Portsmouth Naval Shipyard has reached a milestone that the U.S. Navy has been working toward for years: the first-ever welded, certified, 3D-printed metal component installed aboard an operational nuclear-powered attack submarine.

The component, a copper-nickel flange for the submarine's piping system, was installed on the USS Washington (SSN-787), a Virginia-class fast-attack submarine, on March 18 at the Kittery, Maine shipyard. Inspection and testing finished on March 9, leaving just nine days between final certification and installation.

The Navy says this short timeline shows that additive manufacturing can be a fast and effective maintenance tool for the submarine fleet.

A flange is a connection interface that links piping to equipment onboard. Copper-nickel is used in submarine piping for its exceptional resistance to seawater corrosion and biofouling. Certifying a 3D-printed version of this part for a nuclear submarine is complicated.

The part must meet the same strict safety and performance standards as a traditionally made one, and the weld joining it to the piping must withstand pressure changes and long exposure to seawater.

This installation is unique not just because a 3D-printed metal part was used—earlier milestones include a ventilation diffuser on an Ohio-class ballistic missile submarine and a stainless-steel handwheel printed aboard a submarine tender and installed on USS Vermont under the AUKUS framework.

This is the first time a 3D-printed metal component has been welded and certified for an in-service submarine within a public naval shipyard, establishing a qualification baseline that can be replicated and scaled across the naval maintenance system.

To achieve certification, engineers at Portsmouth Naval Shipyard conducted a full weld qualification on the additively manufactured copper-nickel material

This process differs significantly from welding traditionally wrought or cast metal because 3D-printed metals have different microstructures and respond differently to heat.

The team validated that the weld joint would withstand the operational conditions the submarine encounters at depth.

The urgency behind this development shows a serious industrial crisis. Since the 1980s, the submarine industrial base has shrunk by more than 70 percent, from about 17,000 suppliers to around 5,000, even as production demand has risen sharply.

The Navy now builds two Virginia-class submarines and one Columbia-class ballistic missile submarine each year, putting pressure on the supply chain. Some Virginia-class subs are a year or more behind schedule.

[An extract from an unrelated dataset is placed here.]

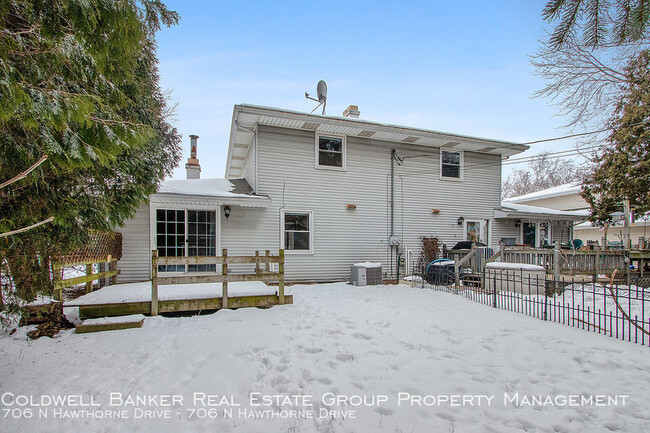 Building Photo - 706 N Hawthorne Dr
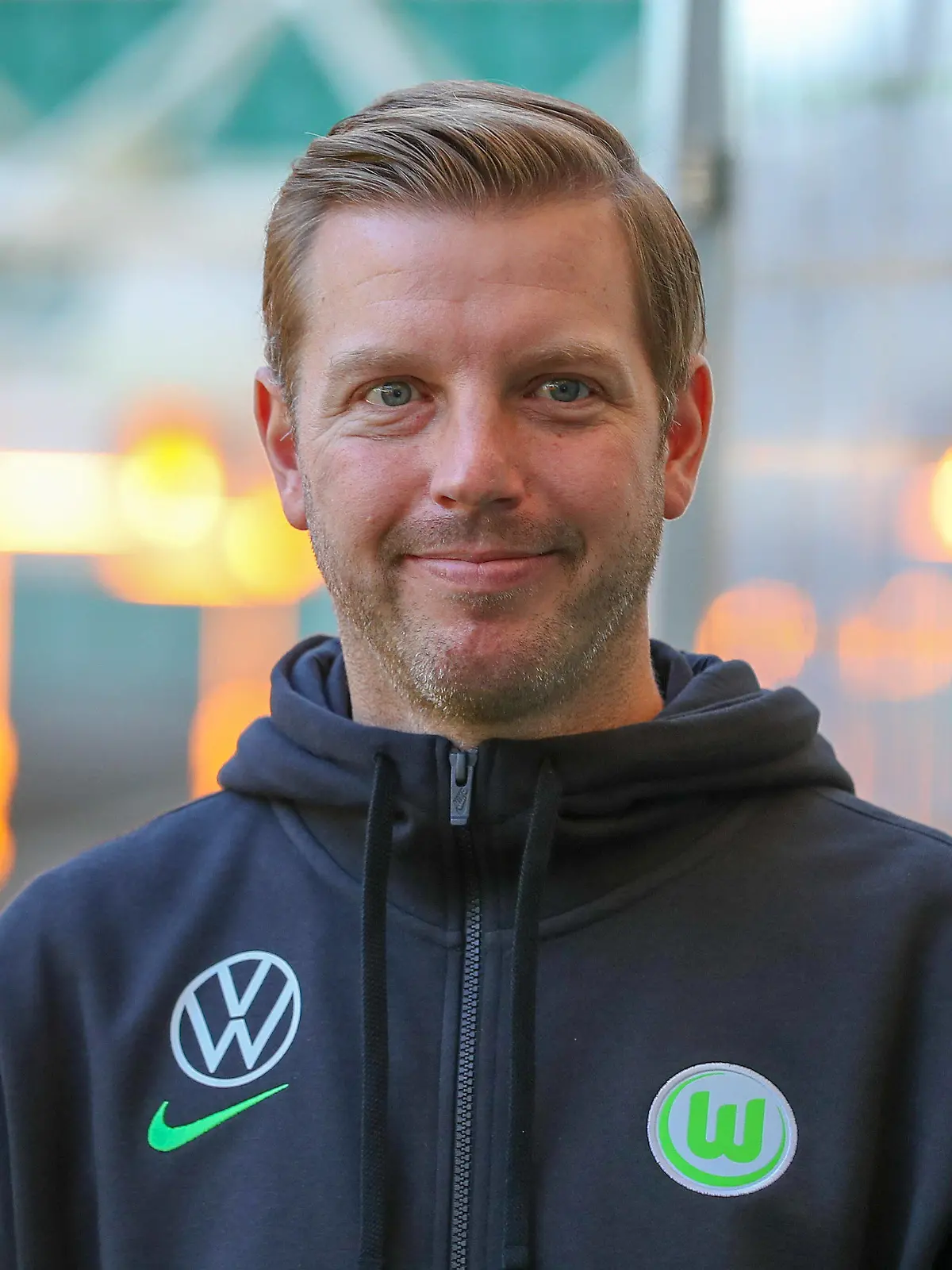  VfL PK Wolfsburg, 28.10.2021, FUßBALL - VfL Wolfsburg, 1. Bundesliga, Saison 2021/22. Neuvorstellung von Cheftrainer Florian Kohfeldt VfL Wolfsburg Wolfsburg *** VfL PK Wolfsburg, 28 10 2021, FOOTBALL VfL Wolfsburg, 1 Bundesliga, 2021 season 22 New introduction of head coach Florian Kohfeldt VfL Wolfsburg Wolfsburg.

Traditional supply channels for parts like flanges can take months or years, but 3D-printed parts can be made and approved in days.

The Navy has invested $2.3 billion to grow and strengthen the submarine industrial base, naming additive manufacturing as one of five key focus areas. Earlier in 2025, 3D printing cut lead times for some parts by up to 70 percent across the fleet.

Commissioned on October 7, 2017, USS Washington is a Block IV Virginia-class submarine. It can perform anti-submarine warfare, anti-surface ship operations, intelligence gathering, surveillance, and precision strikes.

The Virginia class is built through a partnership between HII's Newport News Shipbuilding and General Dynamics Electric Boat.

The qualification process completed at Portsmouth now establishes a precedent for certifying additional additive-manufactured components across the submarine fleet — and provides a replicable template for expanding the range of approved 3D-printed parts that can be welded into operational submarines going forward.